Le changement des mentalités se fera progressivement. Quand, parce que c’est interdit, les enfants ne seront plus battus, vingt ans plus tard ils penseront et sentiront les choses autrement que la plupart d’entre nous aujourd’hui.

Alice Miller

Prélude nordique

Été 1997. J’ai 23 ans. Je viens de m’installer à Stockholm pour une année d’étude. J’ignore complètement à ce moment là que ces premiers jours marquent le début d’un long cheminement personnel qui m’amène, aujourd’hui, à écrire ces lignes. Dix-huit années se sont écoulées depuis dont les deux-tiers vécues en Suède. Dix-huit années qui m’ont fait me questionner d’un point de vue personnel comme professionnel sur les relations humaines, sur les relations hommes-femmes, et surtout, sur les relations adultes-enfants et l’usage de la violence par les adultes sur les enfants sous couvert d’éducation. C’est le thème central de cet article et mon expérience personnelle et professionnelle en Scandinavie et en France tient lieu de source d’inspiration importante dans ma réflexion autant que les nombreuses lectures faites ces dernières années.

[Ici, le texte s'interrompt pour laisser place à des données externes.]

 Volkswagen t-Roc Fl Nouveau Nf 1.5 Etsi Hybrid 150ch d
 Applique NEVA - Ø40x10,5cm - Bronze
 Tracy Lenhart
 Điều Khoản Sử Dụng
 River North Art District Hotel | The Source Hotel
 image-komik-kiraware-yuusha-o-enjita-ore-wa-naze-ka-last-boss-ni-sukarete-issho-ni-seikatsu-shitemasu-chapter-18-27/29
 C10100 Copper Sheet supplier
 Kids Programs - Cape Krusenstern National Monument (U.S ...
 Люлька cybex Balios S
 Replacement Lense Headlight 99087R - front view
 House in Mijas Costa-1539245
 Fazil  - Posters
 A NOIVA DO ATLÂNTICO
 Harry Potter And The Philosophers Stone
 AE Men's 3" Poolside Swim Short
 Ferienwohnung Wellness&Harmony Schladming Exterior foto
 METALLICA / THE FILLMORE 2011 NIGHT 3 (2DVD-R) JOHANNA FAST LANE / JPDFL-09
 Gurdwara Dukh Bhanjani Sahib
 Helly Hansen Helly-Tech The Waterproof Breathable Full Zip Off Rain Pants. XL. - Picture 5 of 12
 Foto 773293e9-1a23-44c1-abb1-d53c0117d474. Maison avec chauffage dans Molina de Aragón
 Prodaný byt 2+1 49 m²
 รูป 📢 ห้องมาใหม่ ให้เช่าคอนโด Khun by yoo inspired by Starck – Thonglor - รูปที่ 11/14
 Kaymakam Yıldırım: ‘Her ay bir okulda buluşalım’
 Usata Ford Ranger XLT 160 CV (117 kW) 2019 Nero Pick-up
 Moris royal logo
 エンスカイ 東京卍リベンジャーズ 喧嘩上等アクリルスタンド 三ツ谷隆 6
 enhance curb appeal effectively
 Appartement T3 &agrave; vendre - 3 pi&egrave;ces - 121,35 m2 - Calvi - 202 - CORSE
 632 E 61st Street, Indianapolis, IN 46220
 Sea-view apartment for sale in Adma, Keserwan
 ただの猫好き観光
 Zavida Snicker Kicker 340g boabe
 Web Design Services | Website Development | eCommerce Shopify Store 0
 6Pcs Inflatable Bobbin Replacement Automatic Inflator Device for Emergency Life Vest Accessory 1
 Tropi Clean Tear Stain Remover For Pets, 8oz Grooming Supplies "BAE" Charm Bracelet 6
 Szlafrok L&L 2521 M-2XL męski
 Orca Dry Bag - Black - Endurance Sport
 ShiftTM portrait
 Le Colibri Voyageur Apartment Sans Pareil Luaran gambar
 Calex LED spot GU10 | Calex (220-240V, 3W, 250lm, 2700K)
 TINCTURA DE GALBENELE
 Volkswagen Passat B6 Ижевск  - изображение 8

Tout juste arrivé, donc, dans la capitale scandinave, je me retrouve lors d’une soirée d’accueil des étudiants étrangers aux côtés de deux jeunes suédoises. Très rapidement, l’échange suivant a lieu.

Jenny : « Ah, t’es français. En France, vous frappez les enfants ?

Moi : « Frappez les enfants ? Noooon !

Jenny : « Mais si, vous leur donnez des fessées, des claques !

Moi : « Oui, une fessée de temps en temps, mais c’est pas frapper les enfants !

Annika : « Comment ça ? C’est pas frappez les enfants ?

Moi : « ?

Jenny : « Tu sais, ici, en Suède, c’est interdit de frapper les enfants, même une fessée. Depuis 1979 ! »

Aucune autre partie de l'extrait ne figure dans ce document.